Department of Obstetrics and Gynecology, MacKay Memorial Hospital, Taipei, Taiwan; Department of Medical Research, MacKay Memorial Hospital, Taipei, Taiwan; School of Chinese Medicine, College of Chinese Medicine, China Medical University, Taichung, Taiwan; Institute of Clinical and Community Health Nursing, National Yang Ming Chiao Tung University, Taipei, Taiwan; Department of Obstetrics and Gynecology, School of Medicine, National Yang Ming Chiao Tung University, Taipei, Taiwan; Department of Medical Laboratory Science and Biotechnology, College of Medical and Health Science, Asia University, Taichung, Taiwan.
Taiwan J Obstet Gynecol. 2023 Mar;62(2):336-342. doi: 10.1016/j.tjog.2022.11.014.
We present an infertile male who was incidentally detected to have Klinefelter syndrome, a balanced reciprocal translocation of t(4; 17) (q12; q11.2) and an AZFa sY86 deletion. We review the literature and discuss the significance of 47,XXY, t(4; 17) (q12; q11.2) and AZFa sY86 deletion in this case.

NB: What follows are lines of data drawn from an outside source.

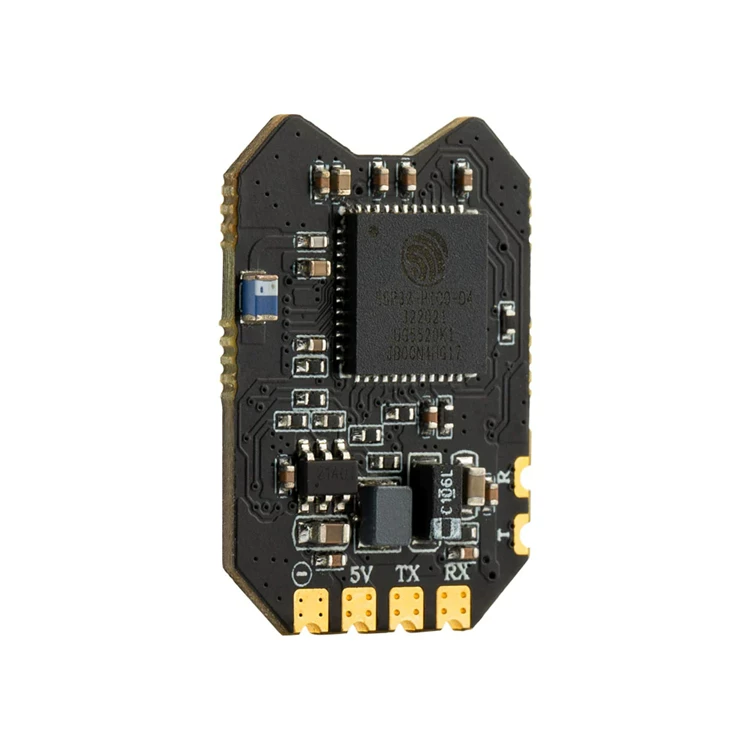 RadioMaster RP4TD ExpressLRS 2 - Foxeer Reaper Extreme 2.5W Vtx บทวิจารณ์และราคา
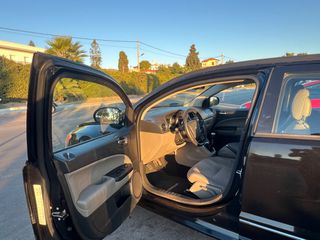 Dodge Caliber 2010 Luxury Edition ΠΛΗΡΩΜΕΝΑ ΤΕΛΗ 2026-thumb-8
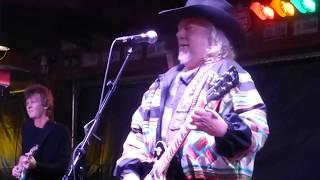 John Anderson - When It Comes To You [Dire Straits cover] (Houston 02.08.14) HD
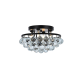 A thumbnail of the Elegant Lighting V9805F14/RC Black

A 37-year-old married infertile male was referred for genetic studies of azoospermia. His height was 195 cm and his weight was 85 kg. He had been married for more than one year without any pregnancy in his wife. He was referred for genetic counseling. Cytogenetic analysis revealed a karyotype of 47,XXY,t(4; 17) (q12; q11.2). In addition to Klinefelter syndrome, a balanced reciprocal translocation and an AZFa microdeletion were found. Sequence analysis of SPINK2 and NOS was also performed. These two fertile related genes were located at the breakpoints of translocation respectively. Heterozygosity of single-nucleotide polymorphisms (SNPs) evidenced the presence of two alleles as well as no deletions occurred at the breakpoint regions. An AZF gene analysis revealed a microdeletion at the region of AZFa sY86 region.
Genetic analysis of an infertile male may detect multiple factors associated with azoospermia such as translocation, an AZF deletion and Klinefelter syndrome. This case emphasized the importance of tests for chromosomes and AZF deletions among patients with azoospermia. Complete genetic counseling of the consequence of a familial inheritance is also necessary to detect more family carrier members for the prevention of unbalanced chromosome in the offspring.
我们报告了一例偶然发现的患有克氏综合征的不育男性,该患者存在平衡易位 t(4;17)(q12;q11.2)和 AZFa 区 sY86 缺失。我们复习了文献,并讨论了 47,XXY、t(4;17)(q12;q11.2)和 AZFa 区 sY86 缺失在该病例中的意义。
一名 37 岁已婚不育男性因无精子症接受遗传研究。他的身高为 195cm,体重为 85kg。他结婚一年多,妻子未怀孕。他被转介进行遗传咨询。细胞遗传学分析显示核型为 47,XXY,t(4;17)(q12;q11.2)。除克氏综合征外,还发现了平衡易位和 AZFa 微缺失。还进行了 SPINK2 和 NOS 的序列分析。这两个与生育能力相关的基因分别位于易位的断点处。单核苷酸多态性(SNP)的杂合性证明存在两个等位基因,并且在断点区域没有缺失。AZF 基因分析显示 AZFa 区 sY86 区域存在微缺失。
不育男性的遗传分析可能会发现与无精子症相关的多个因素,如易位、AZF 缺失和克氏综合征。该病例强调了对无精子症患者进行染色体和 AZF 缺失检测的重要性。对家族遗传的后果进行全面的遗传咨询也是必要的,以便发现更多的家族携带者,以防止后代出现不平衡染色体。